Required work =>
Exactly as they stand, copy the lines from the one containing "Carolina Beach, NC" to the final line of the data; leave out the pictures.

The data =>
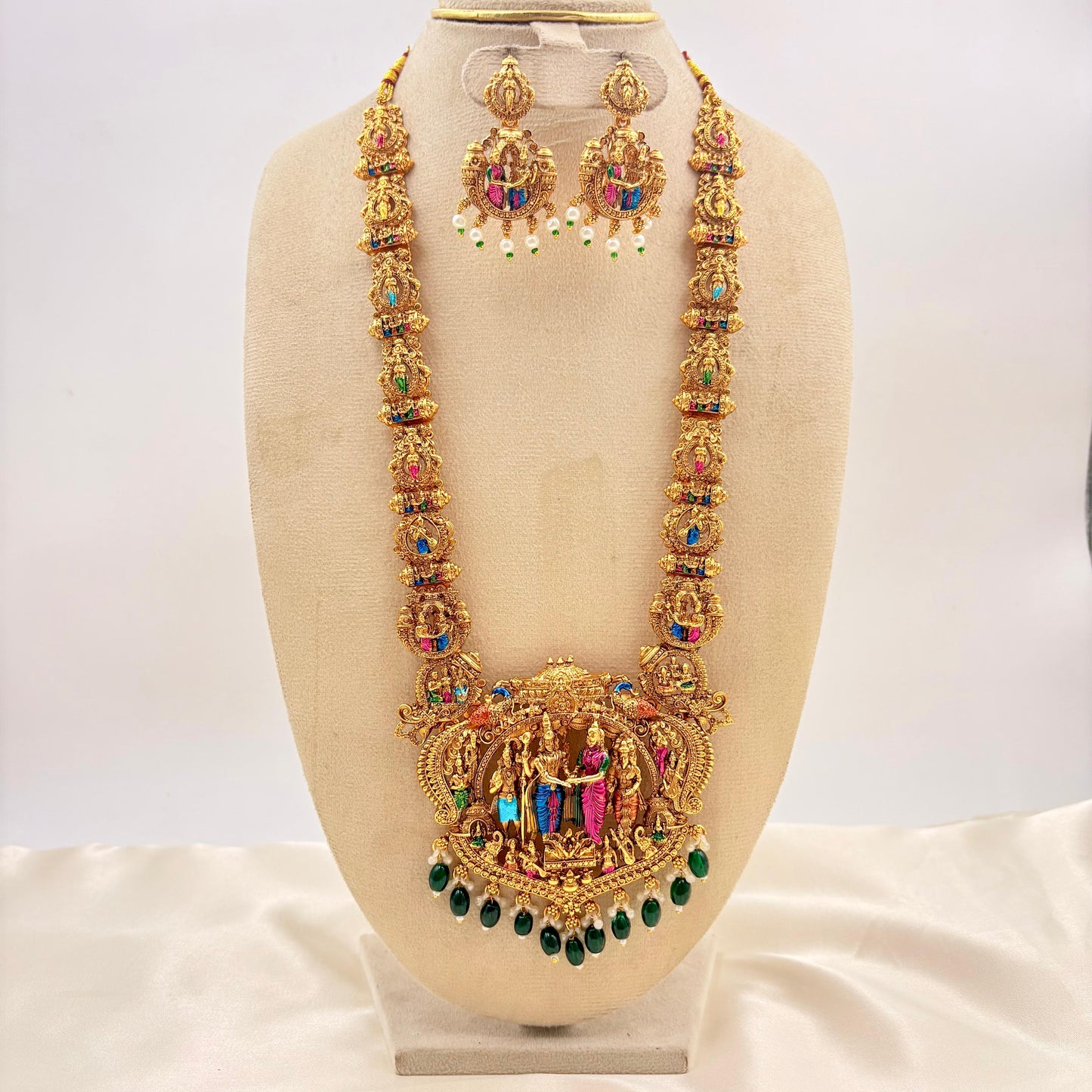Ram Darbar Temple Long Haram Necklace Set with Pearl & Green Beads – Antique Gold Finis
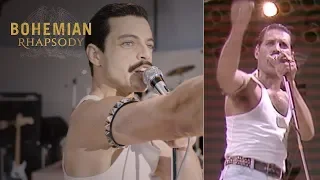BOHEMIAN RHAPSODY • Live Aid - Side by Side | We Will Rock You • Cinetext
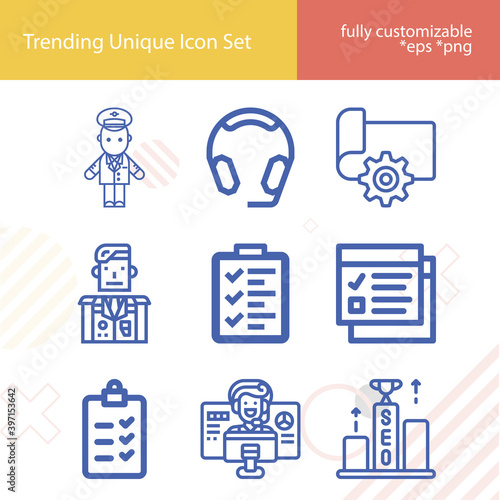Simple set of admiral related lineal icons.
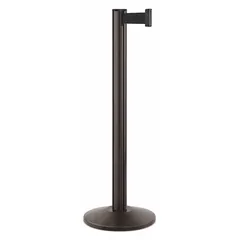 This retractable belt post barrier features a steel base and aluminum post, both finished in black. It includes a 10 ft by 2 in black belt with no legend or pattern. Used for crowd control and area delineation in industrial and commercial environments.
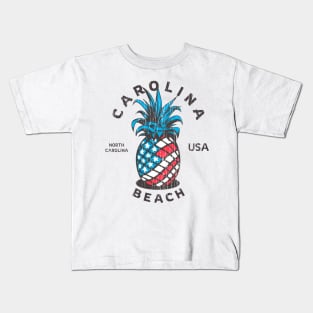 Carolina Beach, NC Summertime Vacationing Patriotic Pineapple Kids T-Shirt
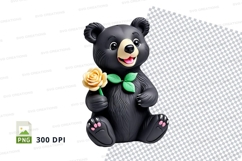 Cute black teddy bear holding honey clipart png transparent Product Image 1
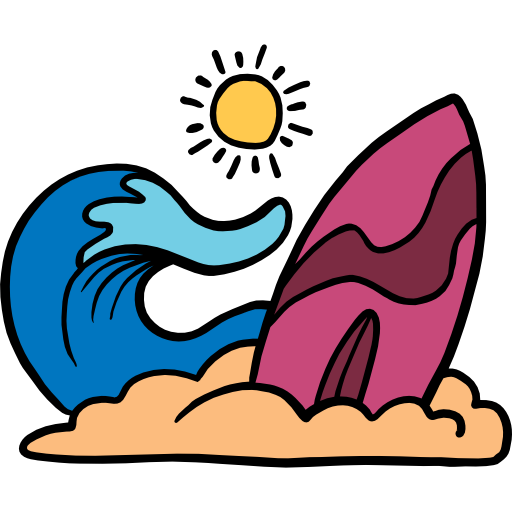 서핑 Hand Drawn Color icon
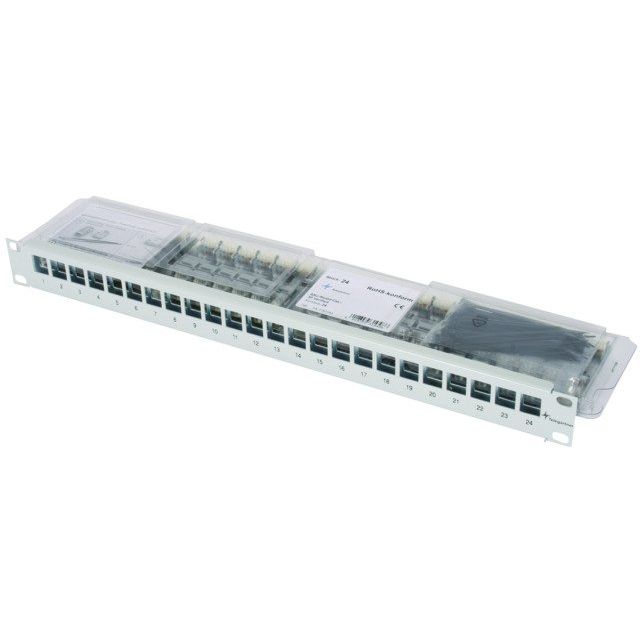 Telegärtner - Patchpanel Kupfer 19Z-Modulträger 1HE grau 100007013 inkl. 24xAMJ-S Cat6A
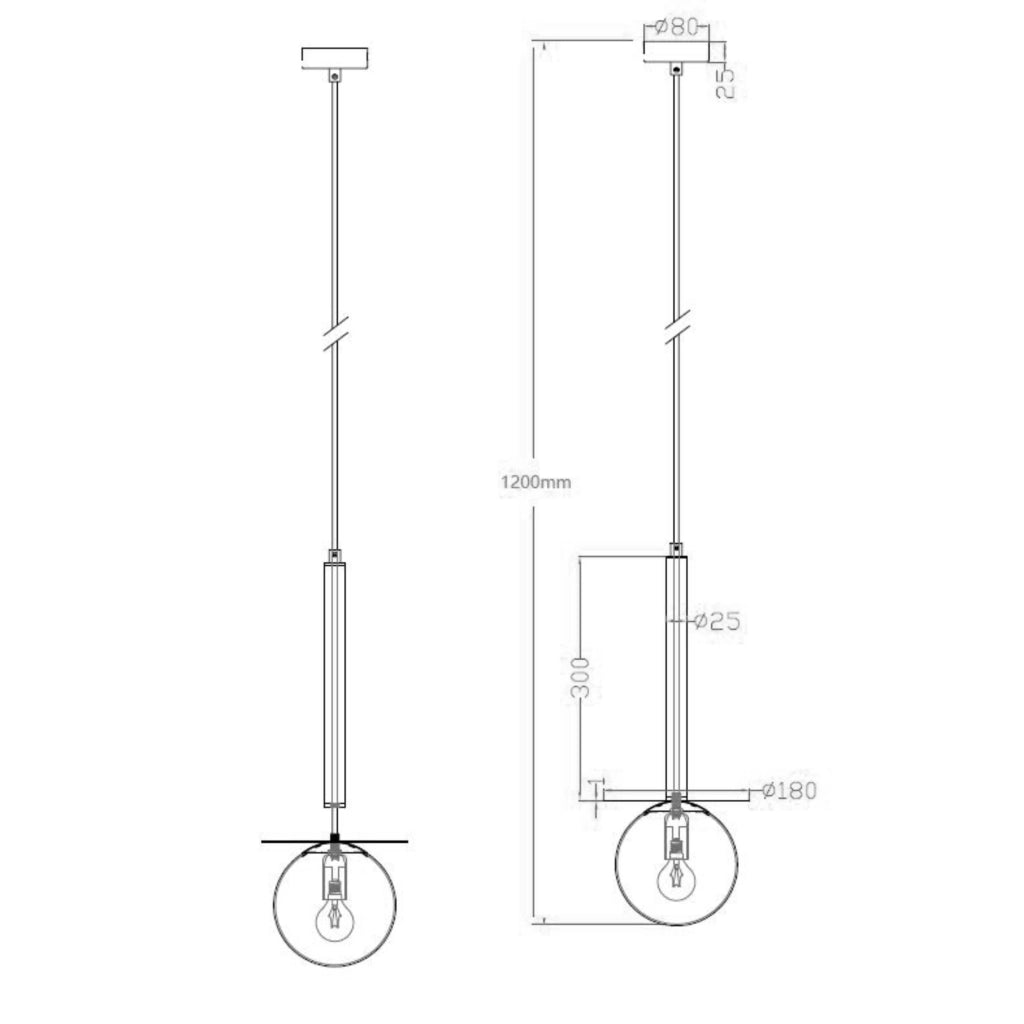 Lampada a sospensione Roma 1xE14 oro vetro Ø18cm Light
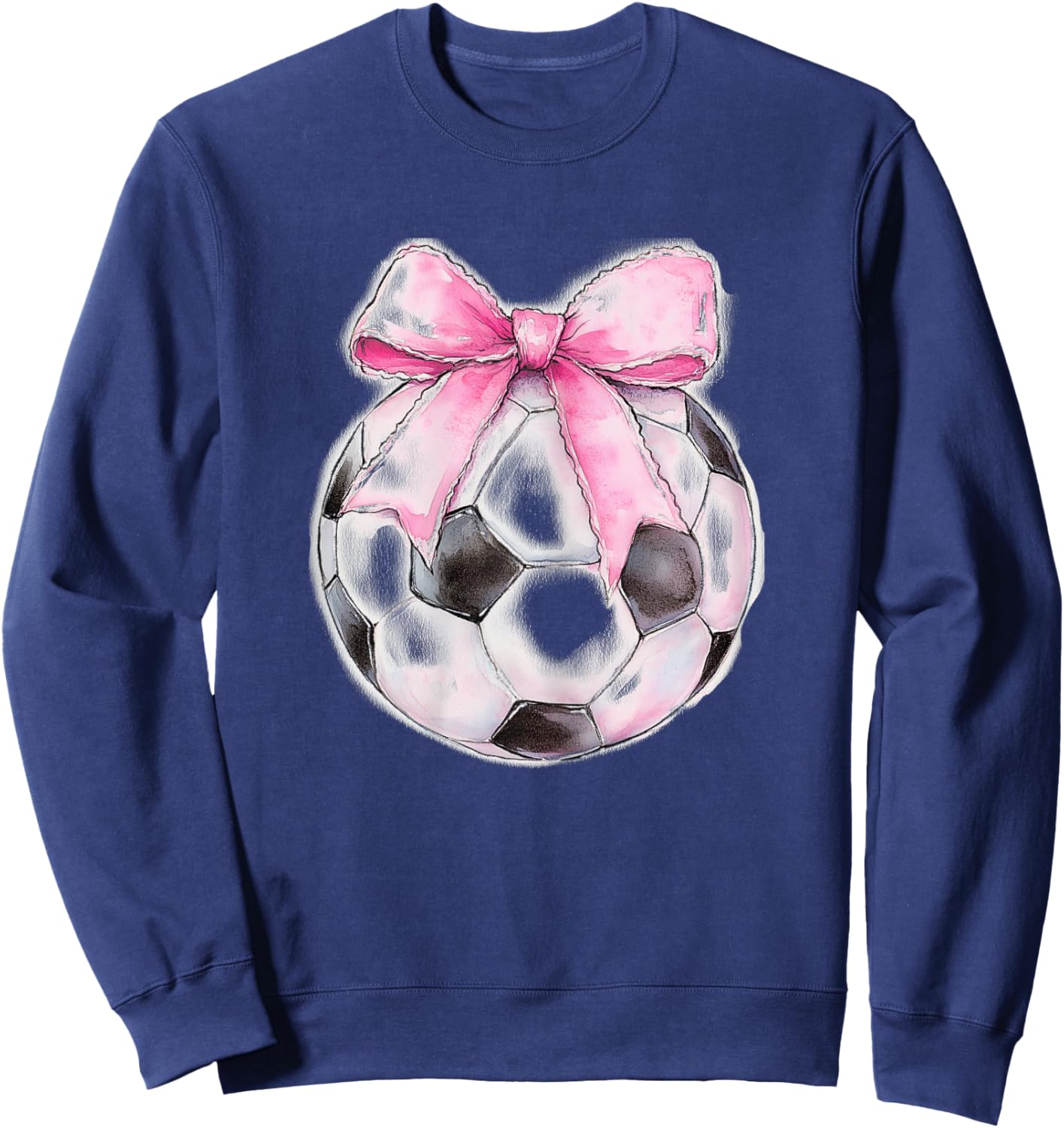 Soccer Ball Pink Coquette Bow Dainty Ribbon Girls Soccer Sweatshirt - Sweatshirt | Navy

Solution to this task =>
 Carolina Beach, NC Summertime Vacationing Patriotic Pineapple Kids T-Shirt
 Cute black teddy bear holding honey clipart png transparent Product Image 1
 서핑 Hand Drawn Color icon
 Telegärtner - Patchpanel Kupfer 19Z-Modulträger 1HE grau 100007013 inkl. 24xAMJ-S Cat6A
 Lampada a sospensione Roma 1xE14 oro vetro Ø18cm Light
 Soccer Ball Pink Coquette Bow Dainty Ribbon Girls Soccer Sweatshirt - Sweatshirt | Navy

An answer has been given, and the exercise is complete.